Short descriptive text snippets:
_ _ _ _
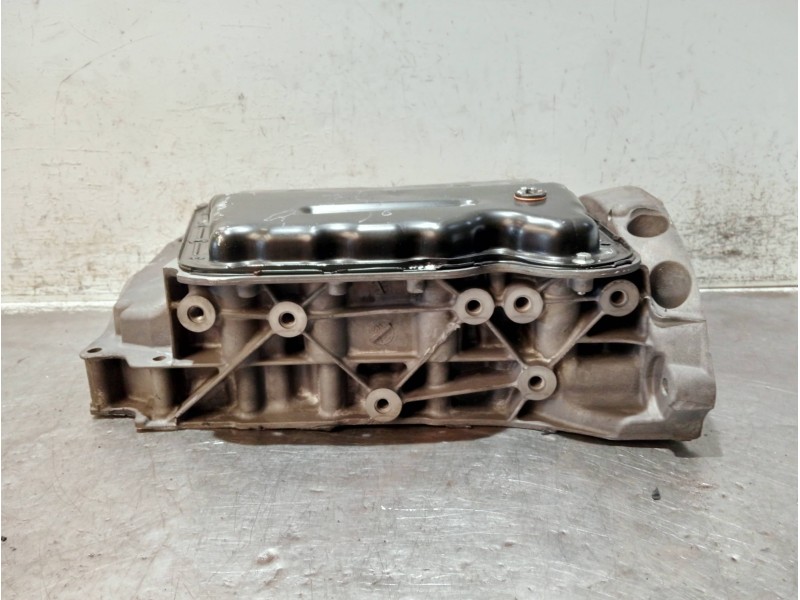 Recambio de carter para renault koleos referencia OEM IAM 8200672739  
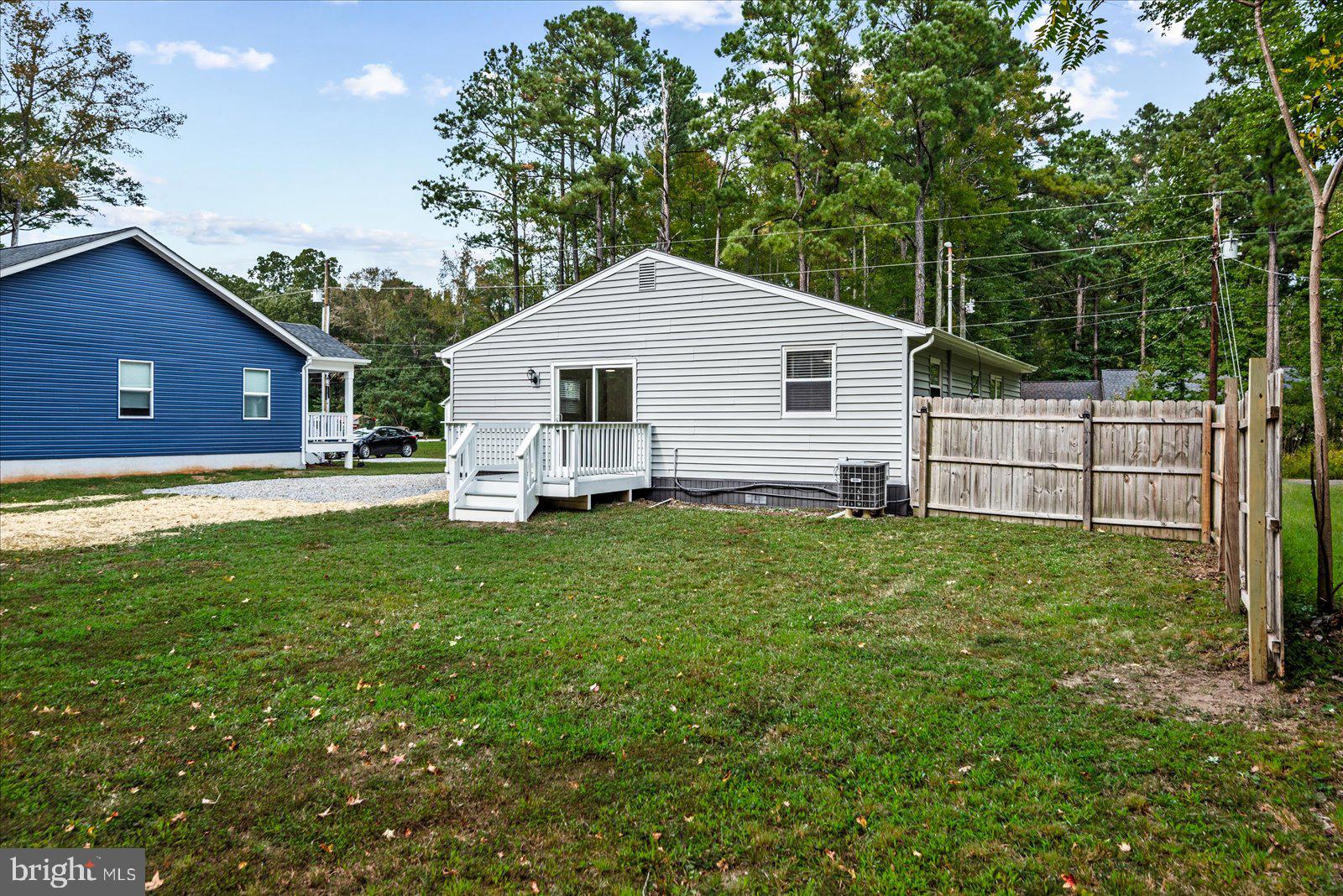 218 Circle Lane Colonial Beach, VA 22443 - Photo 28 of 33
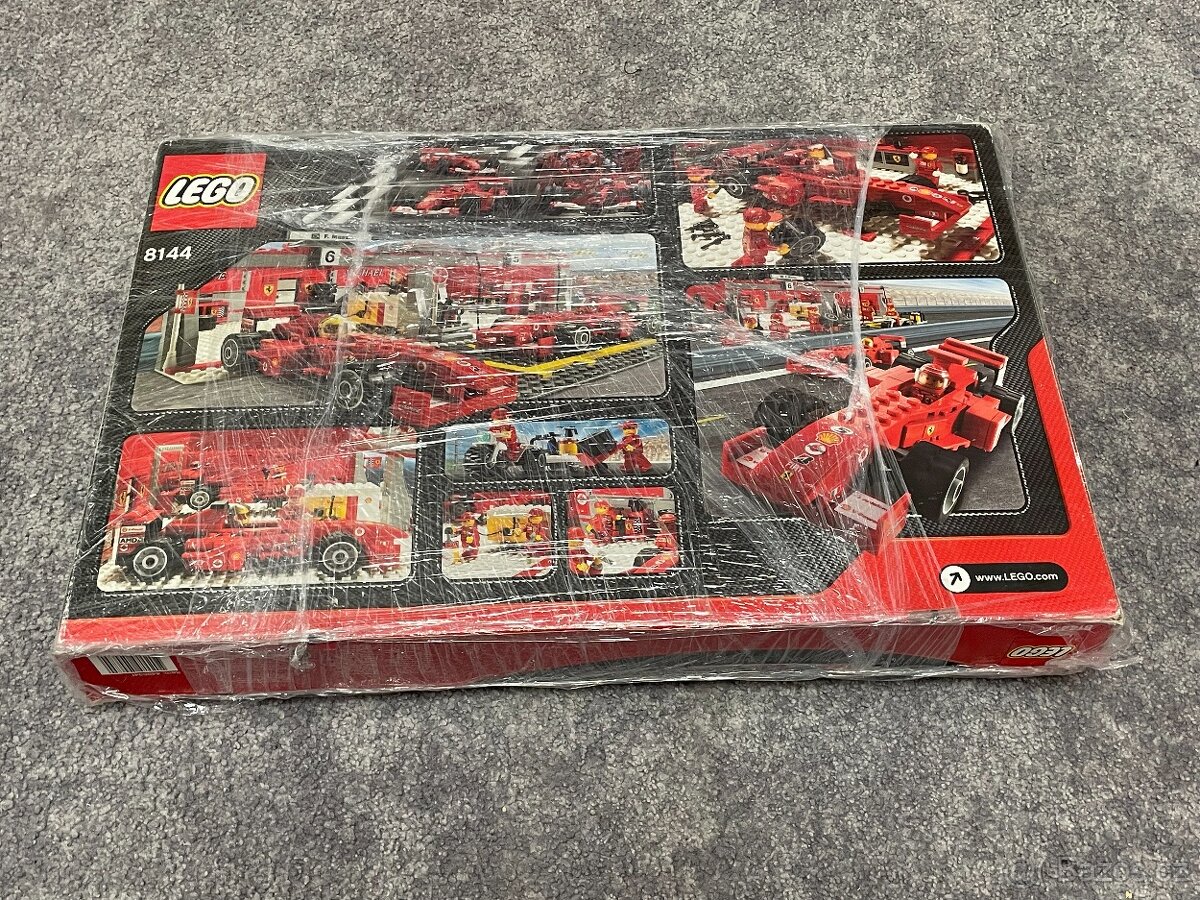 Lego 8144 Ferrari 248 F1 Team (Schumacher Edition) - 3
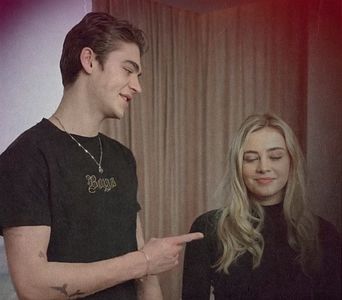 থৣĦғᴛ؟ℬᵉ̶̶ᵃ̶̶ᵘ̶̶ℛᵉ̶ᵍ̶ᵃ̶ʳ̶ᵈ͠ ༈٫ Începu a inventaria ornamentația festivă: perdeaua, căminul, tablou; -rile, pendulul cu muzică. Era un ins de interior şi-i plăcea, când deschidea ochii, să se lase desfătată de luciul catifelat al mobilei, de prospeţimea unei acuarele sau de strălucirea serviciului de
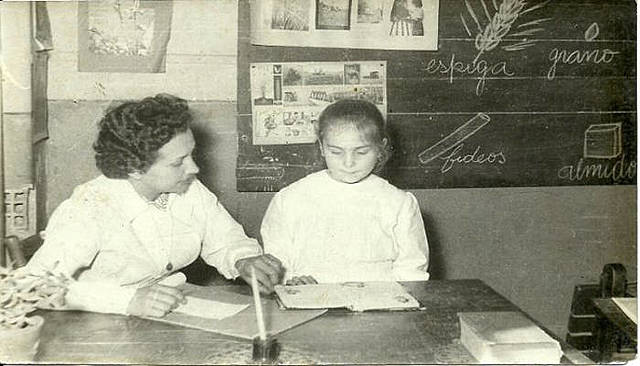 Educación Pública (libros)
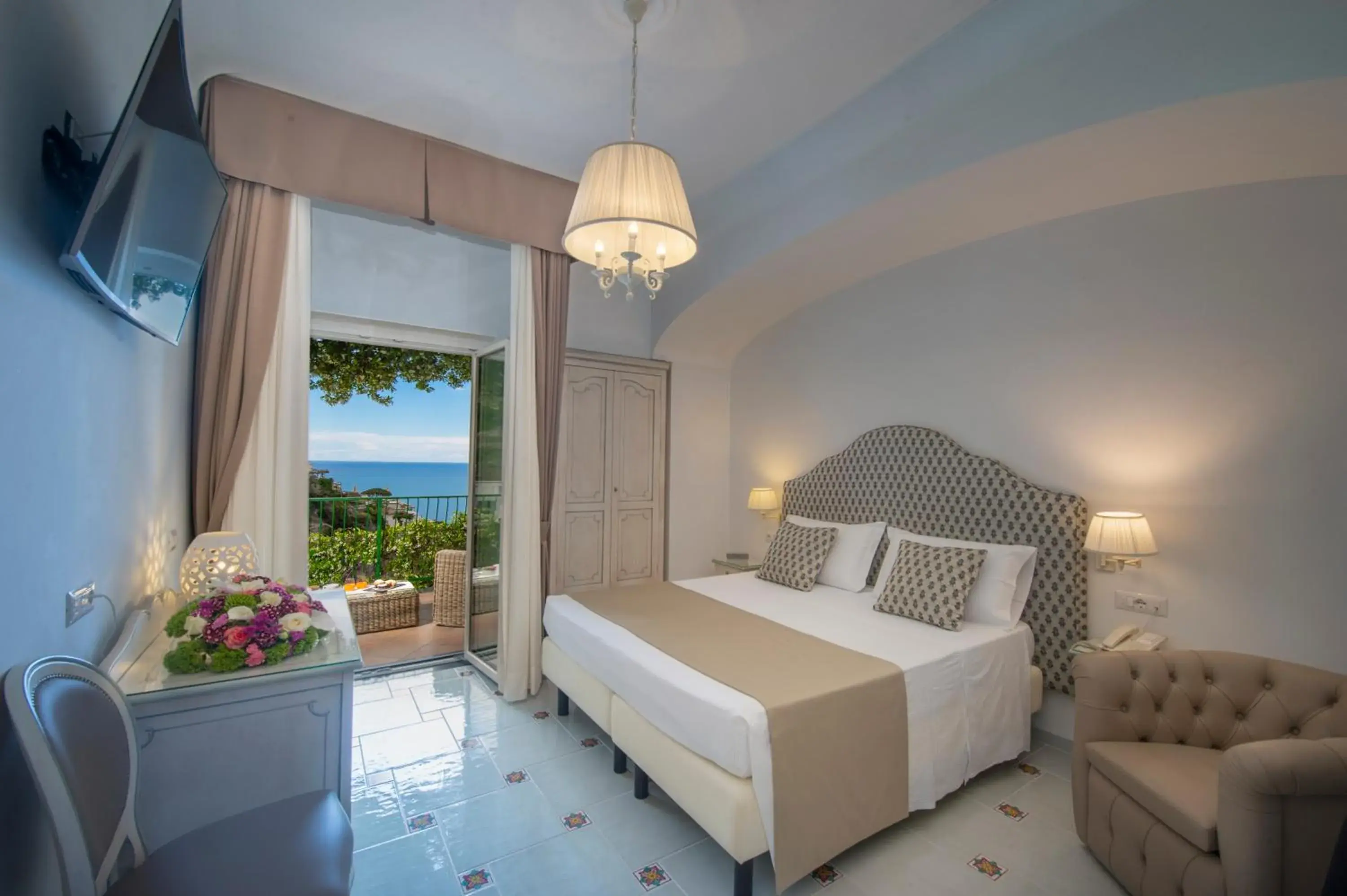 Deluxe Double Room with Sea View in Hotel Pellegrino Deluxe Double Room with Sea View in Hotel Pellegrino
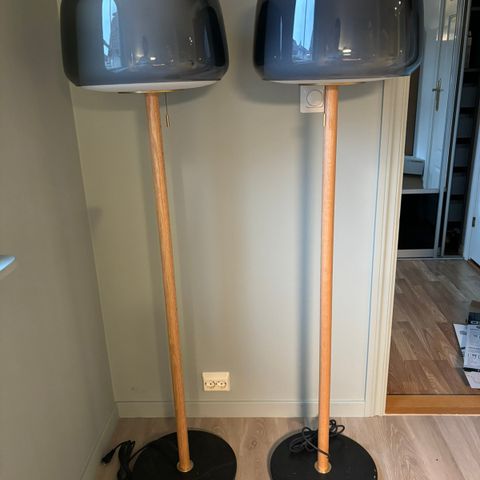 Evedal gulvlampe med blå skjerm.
_ _ _ _
- [Work order]
The line that contains "Deluxe Double Room with Sea View in Hotel Pellegrino Deluxe" opens the part to copy, and the last line of the records closes it; set down those lines exactly, pictures excluded.

- [Completed task]
 Deluxe Double Room with Sea View in Hotel Pellegrino Deluxe Double Room with Sea View in Hotel Pellegrino
 Evedal gulvlampe med blå skjerm.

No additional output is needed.